Winter driving myths: You need to let your car idle before driving during winter months

Only true for carbureted engines
Posted at 7:38 PM, Dec 18, 2016
and last updated 2016-12-18 19:38:44-05

Winter weather has arrived and the cold temperatures are here to stay. 

Most of us have heard the idea: Your car needs to idle for several minutes before its ready to hit the road during the winter months.

But, owner of Bruce's Automotive and Fleet Services, in Lakewood, Bruce Henthorn, said idling newer models cars is unnecessary and it could do more harm than good. 

Idling was more prevalent during the 1980s and early 1990s, when cars were built with cerebrated engines.

"You had to pump the gas a few times to make sure the fast idle popped up and then you had to pump the gas to step it down," Henthorne said. "Then it had a manual or electric choke and that's what took time, for it to open up." 

But when the auto industry switched to electric fuel injection, this essentially eliminated that idling time.
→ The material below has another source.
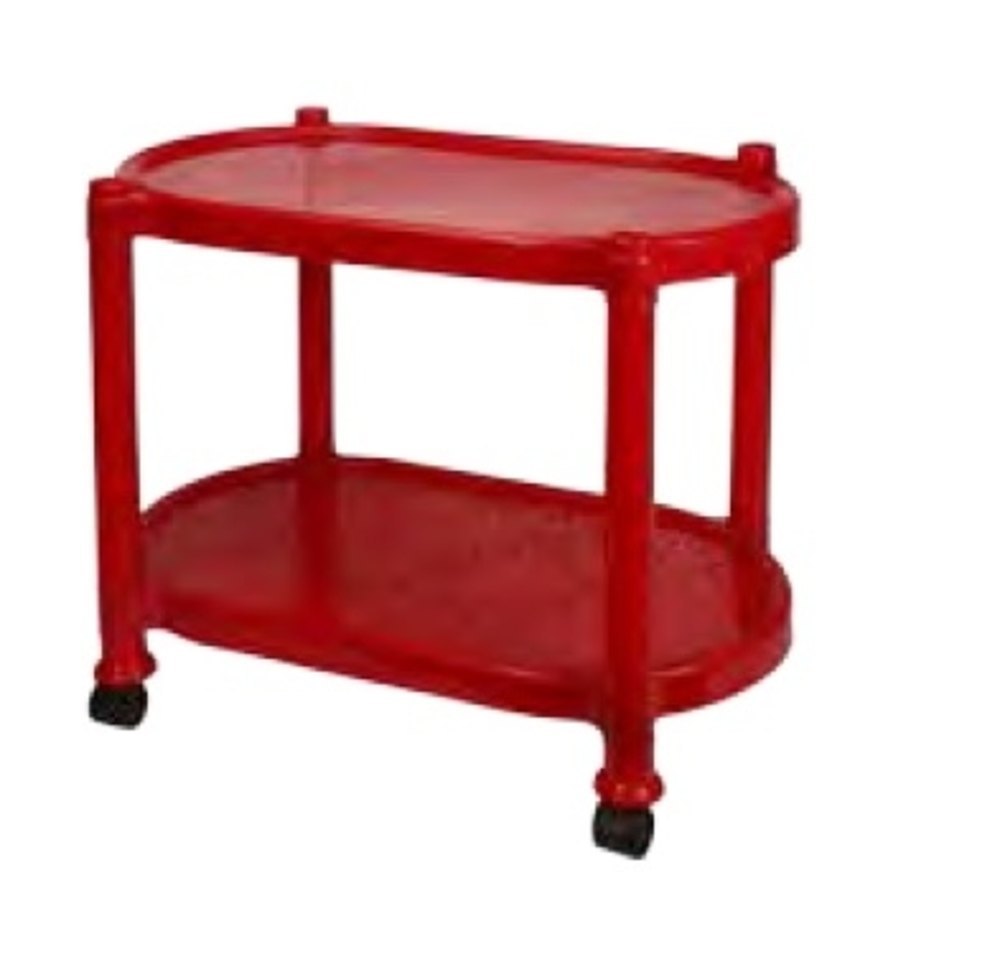 Red Plastic Tea Table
Henthorn said now it should only take 30 seconds for most cars on the road today.

He also advised against idling a car for extended periods of time. Henthorn said it wastes gas and increases air pollution.

"If you're leaving it run make sure you're constantly watching it for smoke or steam because you just never know," he said.

Henthorn's best advice for drivers during the winter: Getting the oil changed in your car.

"That way they [mechanics] get their eyes on other fluid levels to make sure everything's full. We're in for a long winter this year so I'd get on top now because we're going to see a lot of broken down cars."